D. W - Une question sur les restitutions, bien sûr, est venue très vite, ce qui pose la question, plus largement, du droit, au XXIe siècle, d’avoir sur le continent africain des musées comme dans le reste du monde. Et pas seulement pour montrer l’art d’une région, mais avec des œuvres africaines importantes, en confrontation, au milieu de pièces représentatives de tout le patrimoine mondial. Il ne faut pas se cacher que cela nécessite de grands moyens, des aides internationales conséquentes. Il est souhaitable aussi que les arts d’Afrique soient présents dans les musées du monde entier pour casser les préjugés sur « les primitifs », chose qui continue à peser dans beaucoup de pays.  Un intervenant s’étant indigné de la différence énorme entre les petits prix des objets sur le marché africain et les records atteints dans les grandes ventes internationales, il a fallu rappeler que ces sommes folles sont liées au « pédigrée » : la plupart des acheteurs sont prêts à payer n’importe quoi pour un objet même très médiocre qui a appartenu à André Breton ou Helena Rubinstein sans être capable de juger la qualité artistique, c’est le certificat qui leur plaît et pas l’œuvre.
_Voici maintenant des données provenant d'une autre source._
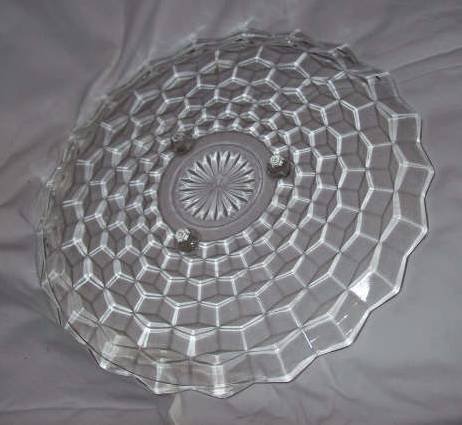 Glass/Cake Plate/American Whitehall by Indiana Glass Co.
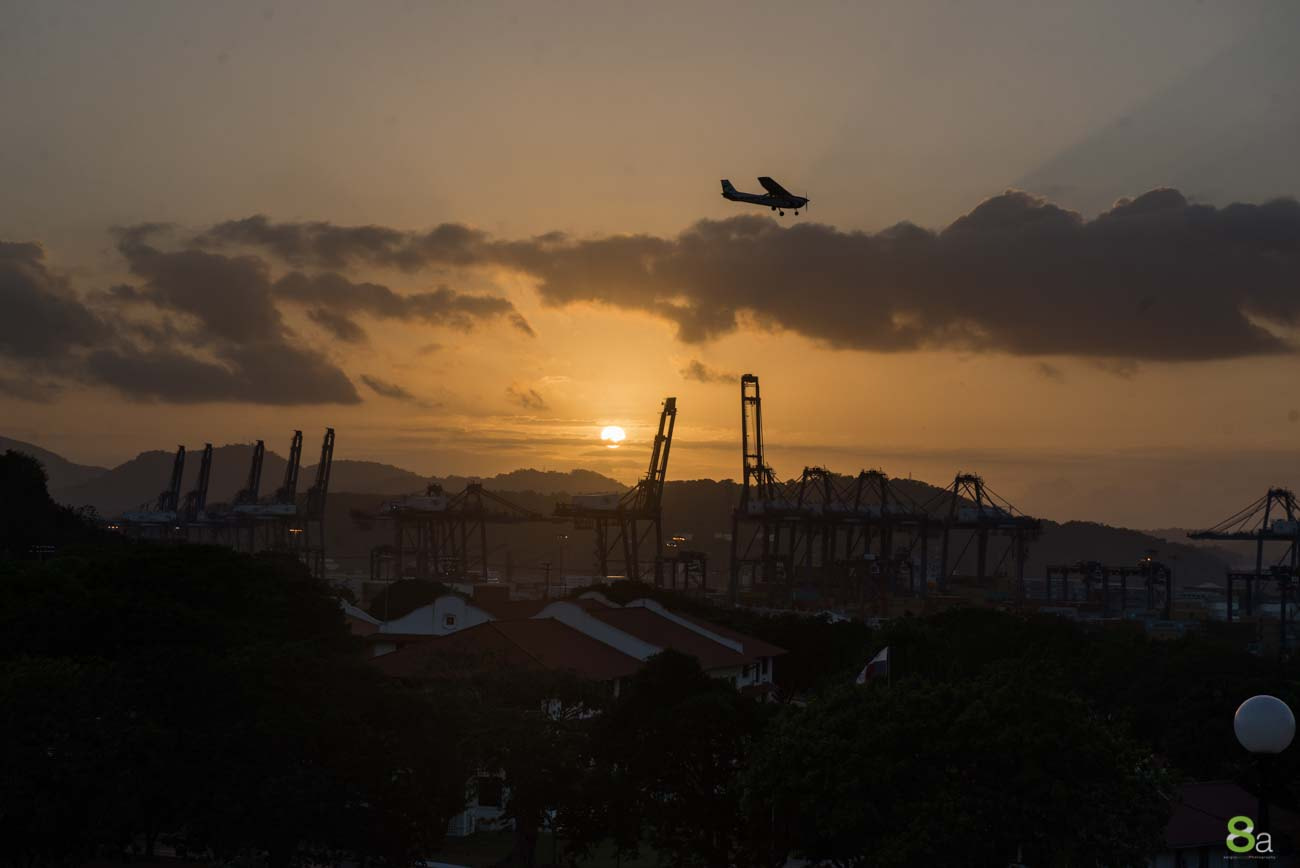 Nikon AF-S Nikkor 24-70mm F2.8G ED sample photo. View from the panama canal administration building photography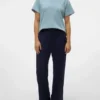 Pantalon taille mi-haute Vmthas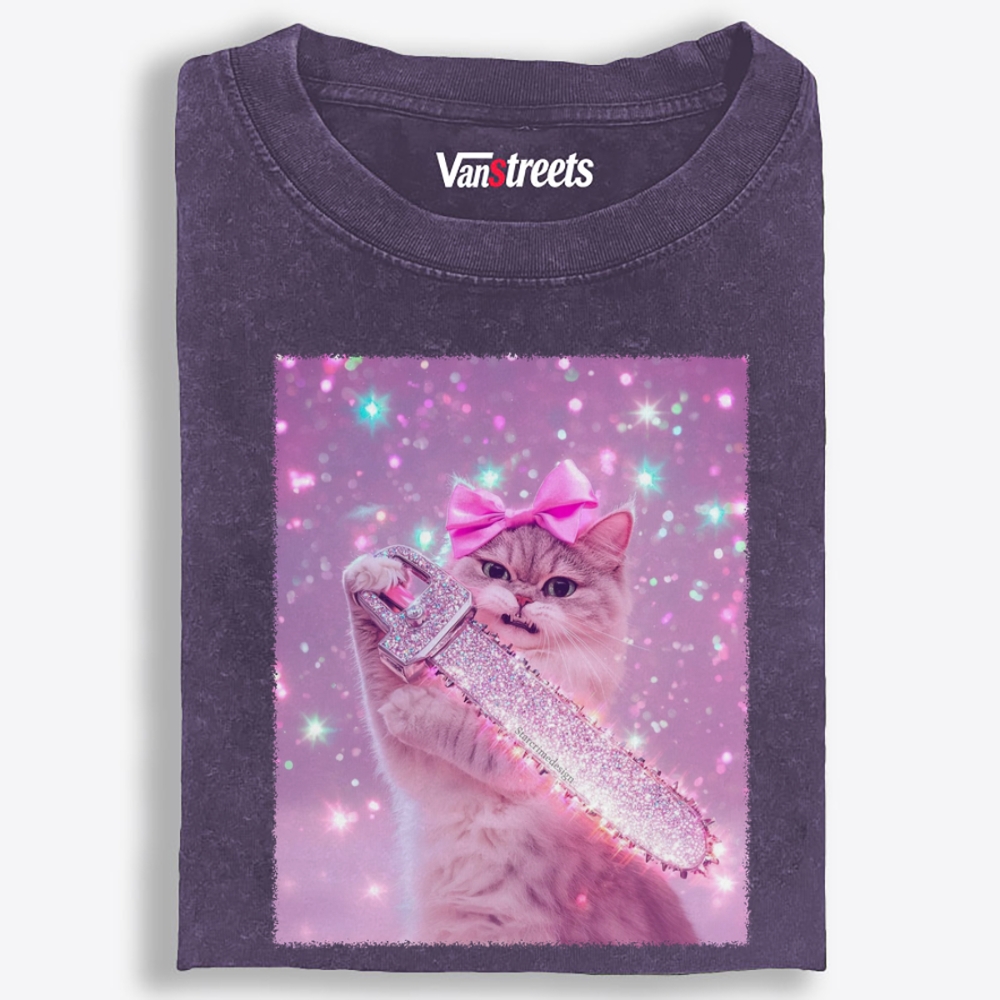 Bonnet Pink Dachshund Retro Washed T-Shirt | 100% Cotton | Streetwear Essential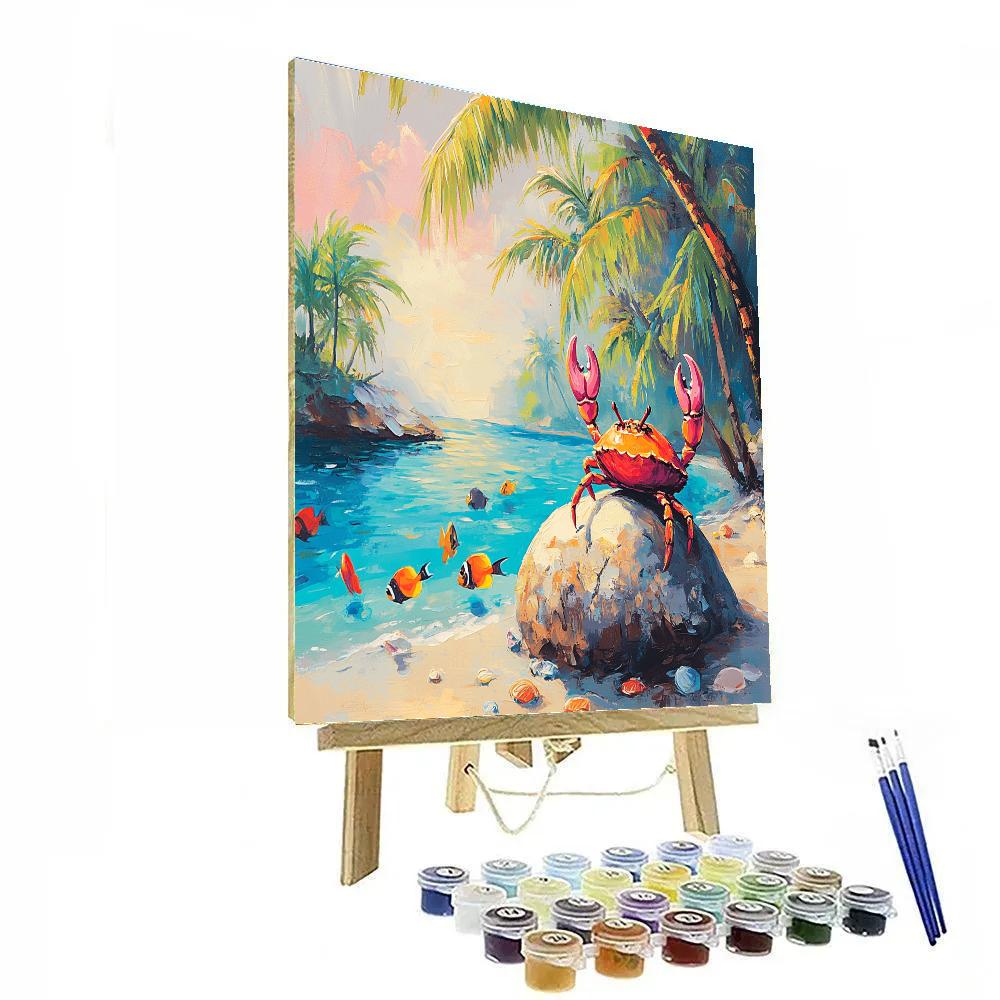 Sebastian Tropical Lagoon Concert Disney Inspired Numbered painting kits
A mesure que l’on s’en donne les moyens les plus grands projets sont possibles. D’ailleurs des chefs-d’œuvre sans « pédigrée » existent dans les réserves européennes et même en Afrique, y compris au Cameroun dans de petits musées que personne ne visite… ou dans des collections privées autour de vous.  

 

Que retiendrez-vous de cette rencontre ? 

 

M. W - Cette rencontre était très intéressante en tant qu’elle porte un questionnement actuel et surtout universel. Je souhaiterais, pour ma part, pouvoir poursuivre ce débat, ce d’autant que les étudiants étaient attentifs et réactifs tout en exprimant parfois des avis différents des nôtres. A la fin du débat, les enseignants se sont plaints de ce que les étudiants ne lisent pas, ce qui nous a suggéré  l’idée d’organiser des dons d’ouvrages d’art pour développer et enrichir une bibliothèque de l’université.

 

D. W - Tout d’abord nous sommes très heureux de voir que, malgré toutes les difficultés, malgré l’importance des besoins primordiaux persistants, de telles écoles se développent en Afrique. L’art est un facteur d’ouverture sur le monde, sur la vie de tous les humains, sur notre futur. Alors, bravo !  En fin de rencontre, les enseignants nous ont rappelé que c’est le mérite de Jean-Paul Notué d’avoir créé cet institut, ce qui a réactivé notre ancien projet d’organiser un colloque en hommage à cet éminent spécialiste des arts d’Afrique, mort beaucoup trop tôt. A suivre donc.